To ensure the reliability of the code in the production environment, this project implements a **Continuous Integration (CI)** pipeline using **GitHub Actions** orchestrated directly with **Databricks**.

Instead of running tests on a standard runner, the pipeline triggers a remote execution on the Spark cluster.

### Workflow Logic
Triggered automatically on every push to `main`, the workflow performs the following steps:

#### 🧪 Continuous Integration (CI) : Databricks Validation

1.  **Setup**: Installs the `databricks-cli` and authenticates using secure secrets (`DATABRICKS_HOST`, `DATABRICKS_TOKEN`).
2.  **Remote Trigger**: Initiates the specific Databricks Job (using `Job ID`) responsible for running the test suite.
3.  **Monitoring**: The workflow enters a polling loop, querying the job status via the Databricks API.
4.  **Validation**:
    - ✅ **Pass**: If the remote job returns a `SUCCESS` state.
    - ❌ **Fail**: If the remote job fails, breaking the CI pipeline to prevent bad code deployment.

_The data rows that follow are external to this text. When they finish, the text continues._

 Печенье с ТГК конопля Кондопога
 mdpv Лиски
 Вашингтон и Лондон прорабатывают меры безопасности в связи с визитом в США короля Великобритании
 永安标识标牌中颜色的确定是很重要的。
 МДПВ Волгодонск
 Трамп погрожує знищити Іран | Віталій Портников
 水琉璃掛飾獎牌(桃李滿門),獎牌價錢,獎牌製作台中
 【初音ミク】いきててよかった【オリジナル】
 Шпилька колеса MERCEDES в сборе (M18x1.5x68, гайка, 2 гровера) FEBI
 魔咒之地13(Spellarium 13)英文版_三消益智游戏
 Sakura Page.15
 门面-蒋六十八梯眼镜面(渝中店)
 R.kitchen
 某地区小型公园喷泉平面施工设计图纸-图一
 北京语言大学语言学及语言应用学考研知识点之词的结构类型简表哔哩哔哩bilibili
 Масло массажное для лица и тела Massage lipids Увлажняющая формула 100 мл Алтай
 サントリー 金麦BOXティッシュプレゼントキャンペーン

#### 📦 Continuous Deployment (CD): PyPI Release
Once the Databricks tests pass successfully (`SUCCESS` state), the pipeline automatically triggers the Deployment Job:

5. **Build**: The project is packaged into a standard distributable format (Wheel `.whl` and Source `.tar.gz`) using the Python build backend.
6. **Publish**: The artifacts are securely uploaded to PyPI (Python Package Index).

The workflow uses strict dependency logic (`needs: databricks-tests`), ensuring that broken code is never published.